The luxury market in Connecticut’s toniest region is seeing one of the nation’s fastest drops in prices, according to a new Realtor.com analysis.
Economists at the listings portal say the median price of the top 10 percent of homes on the market in Fairfield County was down 7.5 percent last month when compared to October 2024. That gave Fairfield County the 8th-biggest drop among markets around the country.
The analysis said the luxury segment of the market starts at just under $4.25 million in Fairfield County.
Unlike many of southwest Connecticut’s peer markets, the median days on market for the high end of Fairfield County’s housing market was down 42.5 percent. Other luxury markets seeing falling days on market and falling prices include Atlantic City (20.6 percent drop in days on market), Charleston, South Carolina (13.9 percent drop), Austin, Texas (5.2 percent drop) and the island of Maui, in Hawaii (4.3 percent drop).

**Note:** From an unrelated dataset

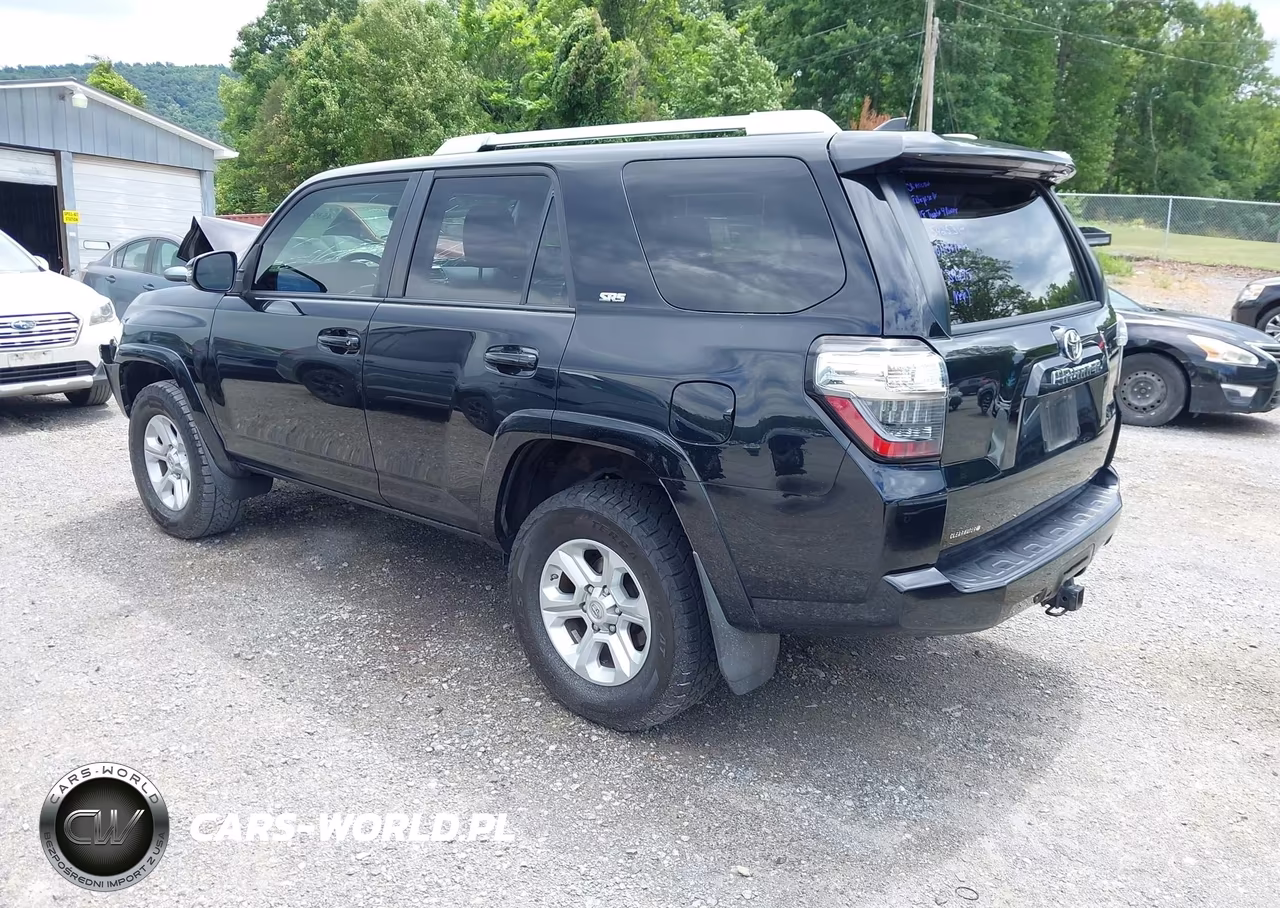 2018 Toyota 4Runner Sr5 Premium VIN:JTEBU5JR3J5554253 - 3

Realtor.com Chief Economist called markets like these “correction markets.”
“In markets where prices are accelerating and homes are selling faster, buyers are clearly competing. But the most compelling trend this month is the effective price correction in other high-end metros,” she said in a statement. “A market where prices ease and time on market drops sharply—like we see in areas of Connecticut and Charleston—is a sign that a new equilibrium is being established, which bodes well for transaction volume.”
The nation’s luxury markets are splitting in two, Hale’s team found. Markets like Dallas, Atlanta and Minneapolis are shrugging off apparent national headwinds while others like Fairfield County are headed in the opposite direction.
“When prices rise year-over-year while homes are simultaneously selling faster, it means buyers are not just willing to meet the price—they are competing for limited inventory. This suggests that for many high-net-worth individuals, location-specific desirability and value are outweighing broader concerns about cost,” Realtor.com senior economist Anthony Smith said in a statement.